_ACTION ITEM:_
In the data below, reproduce everything exactly except the images.

_AVAILABLE DATA:_
•••
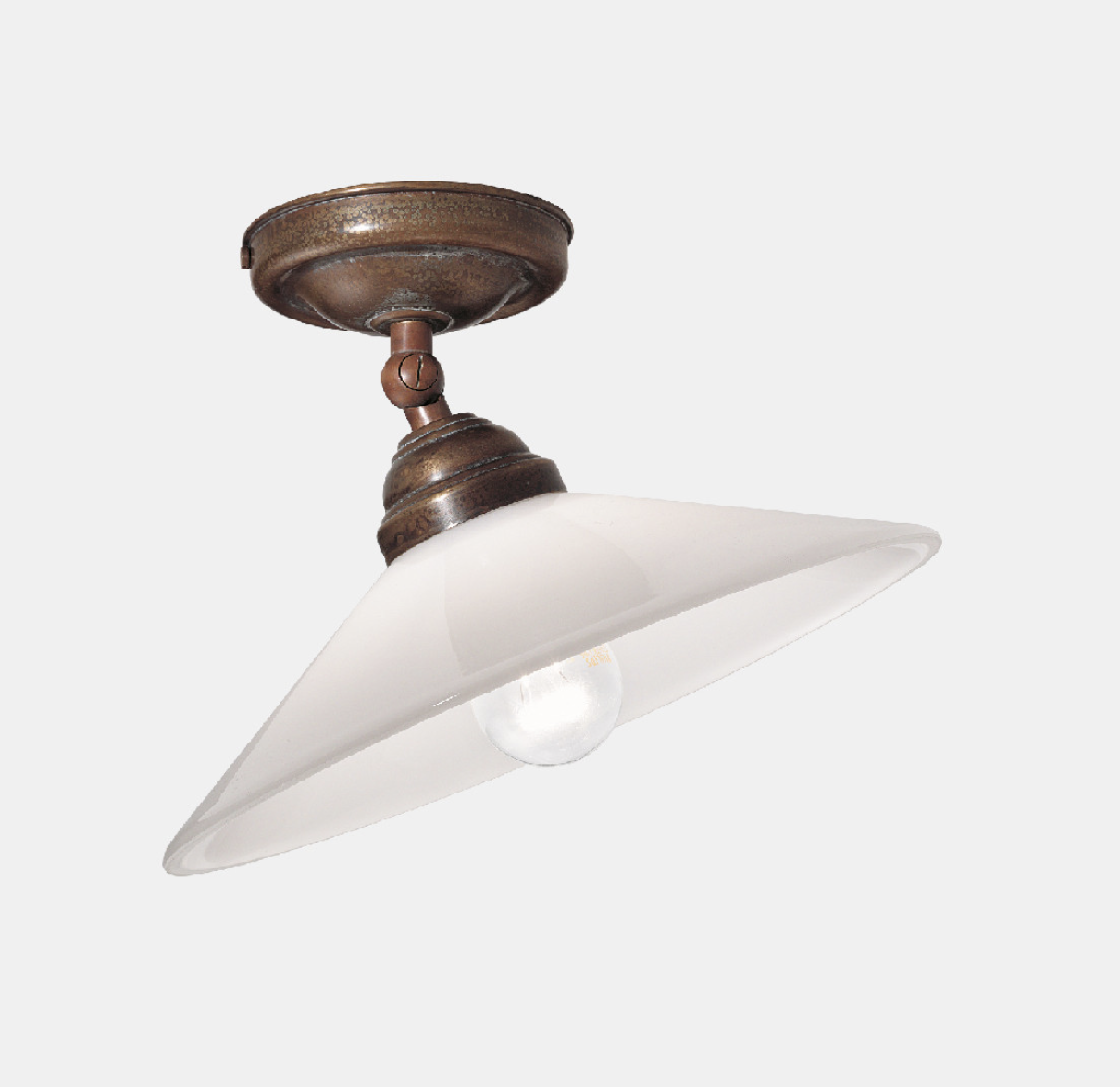 IL FANALETABIA’ 212.02.OV吸頂燈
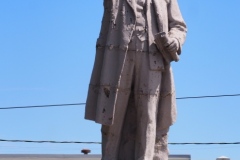 Elektrolesovskaya Street 45/10  - in the park opposite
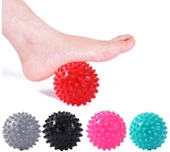 Vücut Egzersiz Masaj Topu - 2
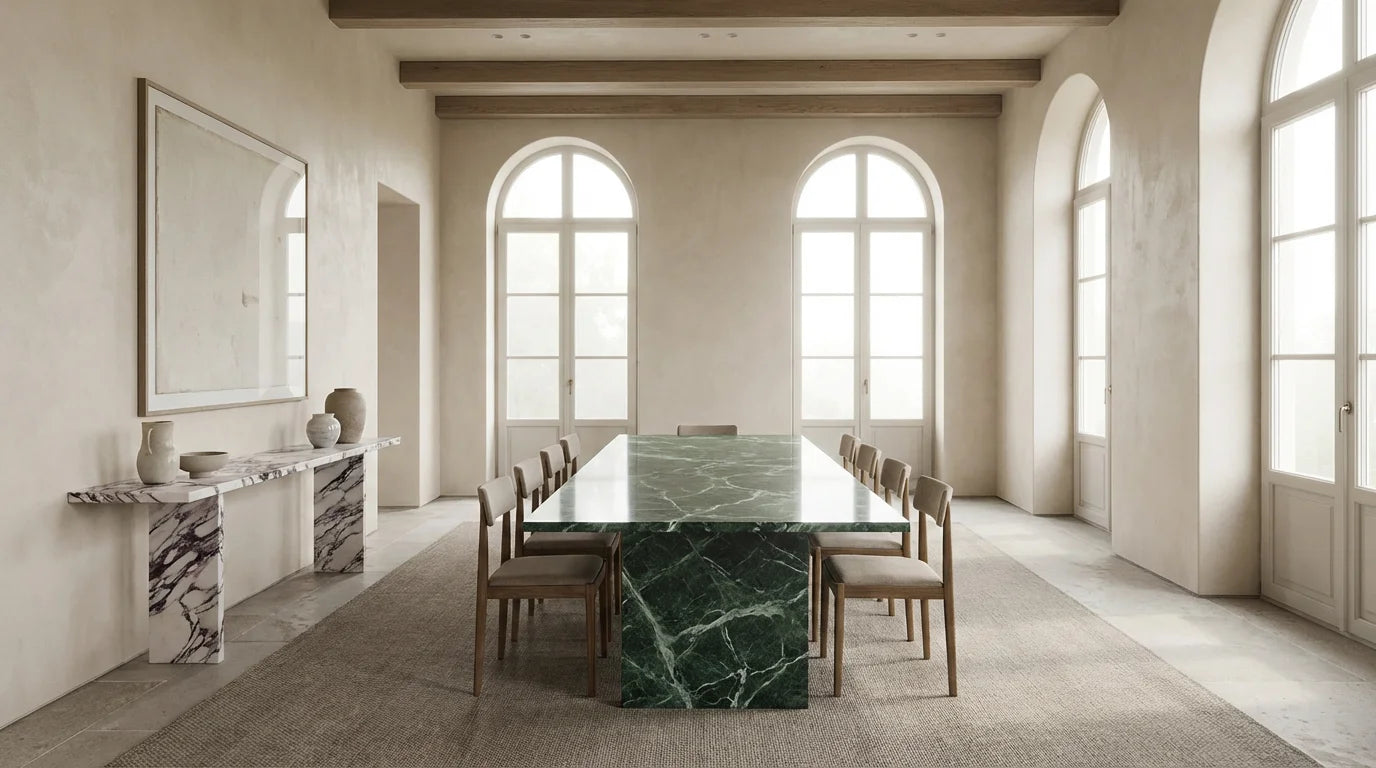 Dining Collection Category Banner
•••
_EXERCISE ANSWER:_
 IL FANALETABIA’ 212.02.OV吸頂燈
 Elektrolesovskaya Street 45/10  - in the park opposite
 Vücut Egzersiz Masaj Topu - 2
 Dining Collection Category Banner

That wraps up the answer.